Baby boomers are also incredibly wealthy (on average). They went through a period of thirty years of growth (interrupted by a couple of oil crises) and this means that expectation for achievement from a professional, financial and personal perspective were higher than they had ever been before. They’ve built wealth on property, and they’ve lived the dream of home ownership.
There are also a lot of them. By 2016, people 55 years old and over will represent a whopping 30% of the total Australian population (see paper by Amanda McCallum). In Australia, these figures are not attributable to natural population growth only, immigration plays a big part in this demographic shift. As baby boomers enter the later stages of their lives, what does this generation have in store for us? What are their expectations of family duties regarding taking care of them in their old age? What are their expectations of amenity and space? What is their expectation of digital connectivity and access to new technology?
I find this issue eminently interesting because who our ‘elderly’ are is changing. The elderly are not just generically elderly. My grandparents’ generation went through War and food penury and they were shaped by that experience and the knowledge of how ‘brittle’ the world can be. But my parent’s generation will be different. That I can assure you.
I was at dinner last night at a friend’s house and they’d invited another friend of theirs who works in financial services for Aged Care providers in Australia. A casual conversation with this guy proved much more fruitful than I had bargained for. His business is essentially a financial advisory business coupled with a change management business that help Aged Care providers manage their liquidity and comply with new government regulation around the management of Aged Care bonds.

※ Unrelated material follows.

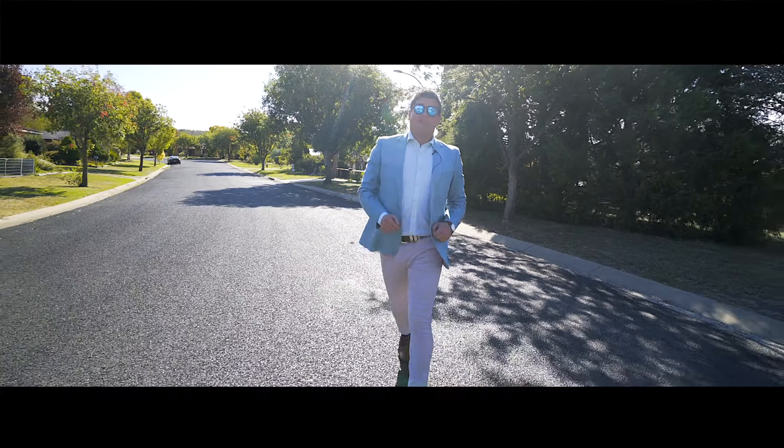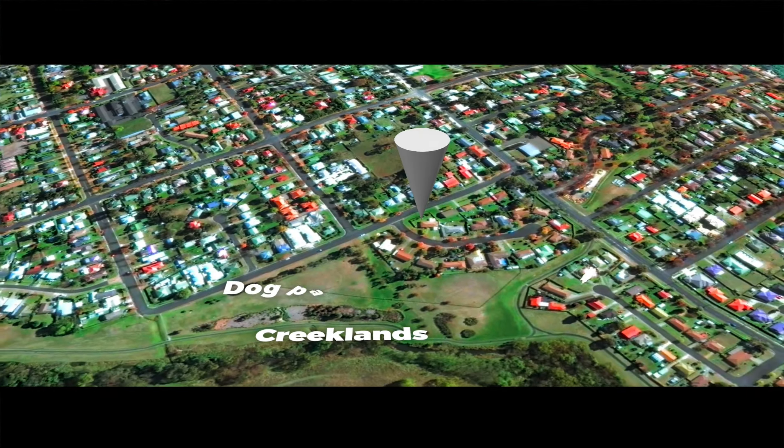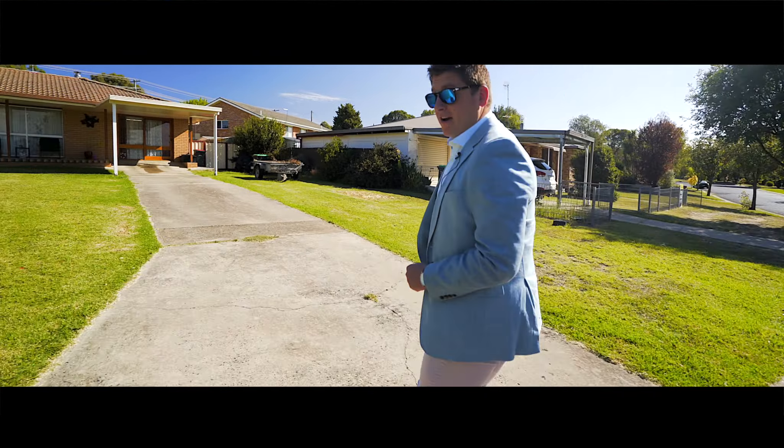Look, I've got no doubt that Howard Place is a great location to raise your family and get your story started. We've got creek lines, dog parks, great school catchment, and number one Howard Place — well, that's the jewel in the crown.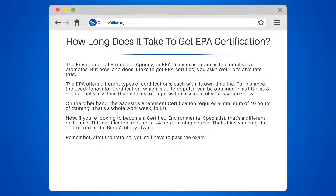Remember, after the training, you still have to pass the exam. And once you pass, it can take up to 2 weeks for the EPA to process and issue your certification. So patience is key here.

It’s surprising but the Aged Care business has been largely unregulated in Australia. It is funded at a Federal level and contributions to individual facilities can add up to tens of millions of dollars a month. With the desire to push the budget into surplus over the next year, the Federal Government has been looking at more efficient ways of spending and at evaluating how the money they have put up is being used. This brought up the thorny issue that there was no regulation around the way Aged Care providers can invest or use the funds released as a bond when a new tenant arrives at a facility. Access to Aged Care can be quite dear, with some bonds amounting up to $AUD 800,000. This means providers are not only heavily subsidised but they also have a lovely cash-flow to play with. I am sure you can read between the lines and see that this has inevitably led to excesses where the bond funds have been invested quite creatively in private property, development ventures, and other high-yielding high-risk investments. And this was legal until recently. It’s a whole new subprime crisis just waiting to happen.
The other confounding fact that I discovered is that only 7% of older Australians actually live in Aged Care. Contrary to my expectation, most elderly Australians live with their families, in family homes. And if the other 93% of elderly Australians were to suddenly require government funded Aged Care, it would leave a serious impact on the Treasurer’s balance sheet. Also, most people who work in Aged Care are volunteers, further distancing the current business model of Aged Care from the reality of its labour costs.

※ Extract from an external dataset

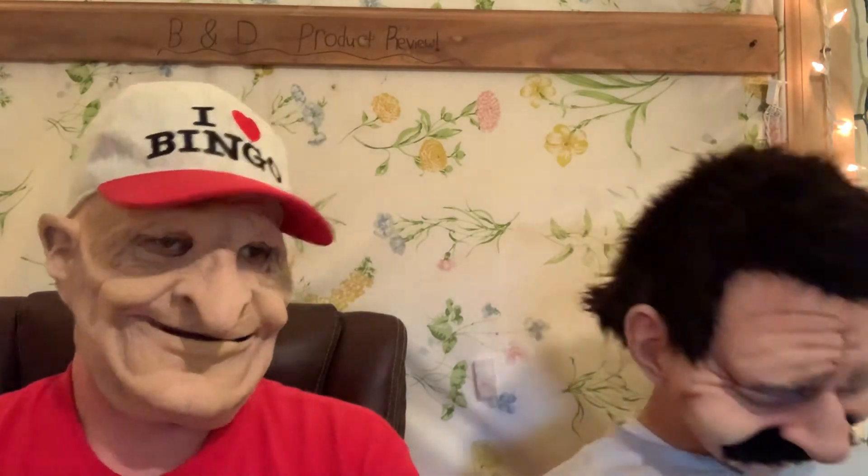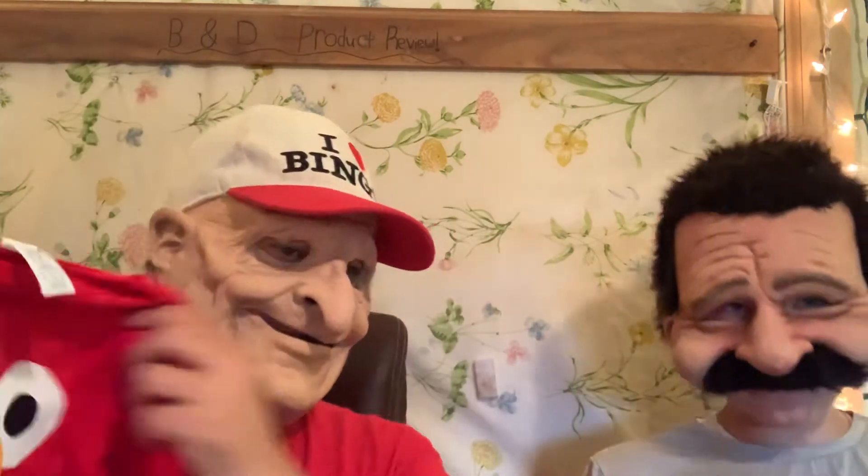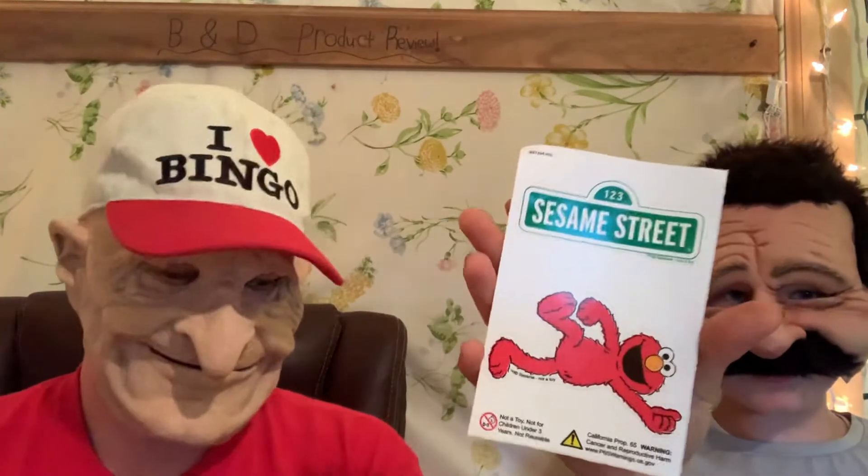I'd probably say Elmo too. I like Elmo — yeah, your character. I'm going to later on get him a size that'll fit him. They have Sesame Street stickers on there.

In addition to this, many Aged Care facilities are going under. They’re not up to scratch for what baby boomers will expect and therefore many will not pay for them. As discussed earlier, they have expectations around building quality standards, space and access to information such as Foxtel, internet access and 3G coverage. This is a classic case of where there is a mismatch between market supply and the demand. How can we re-design a market to make it more equitable?

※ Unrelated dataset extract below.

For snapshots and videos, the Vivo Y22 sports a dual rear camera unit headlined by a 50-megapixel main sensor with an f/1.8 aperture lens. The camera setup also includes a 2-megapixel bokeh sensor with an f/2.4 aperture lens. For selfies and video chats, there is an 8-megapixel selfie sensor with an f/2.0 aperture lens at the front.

As Bruce Mau says, markets are not natural spaces, they’re designed. But we often assume that markets occur naturally. That supply magically organises itself in order to respond to demand. We all know too well that market failure (when supply does not meet demand or vice versa) is quite common. We also tend not to price in negative externalities, or positive externalities for that matter. For instance, the value to society that stay-at-home mums provide has never been quantified in economic terms. They provide a service to society through the education, minding and development of our children that has tremendous value, yet we leave it out of the economic value equation. Strange.
What is clear is that there has been little thought given to the way the current Aged Care market is designed. We’re about to push through our largest demographic through a system we know is broken, and I don’t think we’re ready to deal with the consequences of that. In the meantime, the Federal Government will oscillate between re-regulation and de-regulation until they think they’ve got the incentives for private investment in Aged Care right.
I am not an idealist, but surely there are some things in life that are too important to just leave to the fate of laissez faire economics. When will we start seeing markets as a design problem?